Lake Deception

Turn this mess of mine, O God, into Your message..png

I met a stripper in five points, ended up going home with her-wise choices, I know. It’s a miracle I wasn’t ever murdered or anything. I moved in with her shortly after that-another wise choice. I don’t know what my deal was but, I just did NOT want to be at home. I would stay with anybody to prevent being home.

I was invited to the lake with her and some of her friends. It was the first time I was meeting them. I somehow got blindsided into getting involved with her and her boyfriend. Going into this trip I had no idea they were an item. I really don’t even think you could call it that. It was one of those things where it wasn’t a committed thing (obviously) but maybe an open relationship or a no strings attached type thing. I really have no idea-to this day.

Anyway, we decided to go skinny dipping. It was just the three of us and it was some kind of ultimatum for me, “come skinny dipping with us and who knows where it’ll go, or don’t come in at all. You can watch or go back up to the house.” Okayyyy. So nobody ever really wants to watch other people (that’s extremely awkward) so, I went swimming. I could’ve gone back up to the house, but I didn’t know anybody. Yes, I know this would’ve been the perfect time to go and make new friends, but I chose poorly.

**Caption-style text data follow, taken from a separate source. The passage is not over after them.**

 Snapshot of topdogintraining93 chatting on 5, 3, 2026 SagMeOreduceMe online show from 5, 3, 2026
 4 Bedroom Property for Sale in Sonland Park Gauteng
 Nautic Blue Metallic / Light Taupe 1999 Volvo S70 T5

Long story short, things kept up for a few months. The dude ended up developing feelings for me, which made things awkward between me and the girl because she started becoming jealous (as anybody would). She began to avoid/ignore me, while I was still living with her (in the same apartment complex as the dude by the way). Just all sorts of messed up.

I wish this were where I told you that I learned my lesson but, I didn’t. I have a stubborn way about me where I just have to learn the absolute hardest way possible.

But, I’ve learned that where there is suffering, there is perseverance also.

 

Dear Lord, I have definitely had my fair share of suffering, but I am oh so thankful for Your unending grace and mercy. Your love knows no limits. It is so incredible to be able to look back on these difficult times and be able to see Your hand that I couldn’t see before-mainly because I wasn’t even looking for it. Help me look for You, Lord, in everything I do. Help me to see things from Your perspective in that present moment, so that when I do look back, remembering Your great works, I can remember how much smoother the journey is when I include you. I pray that I learn from my mistakes. Turn this mess of mine, O God, into Your message. I pray that people see You in this-that even though we make mistake after mistake, sin after sin, there is NOTHING that could separate us from You. Your grace abounds. There is never a mess too messy or a mistake made too much. You are always there! In Your name I pray, Amen!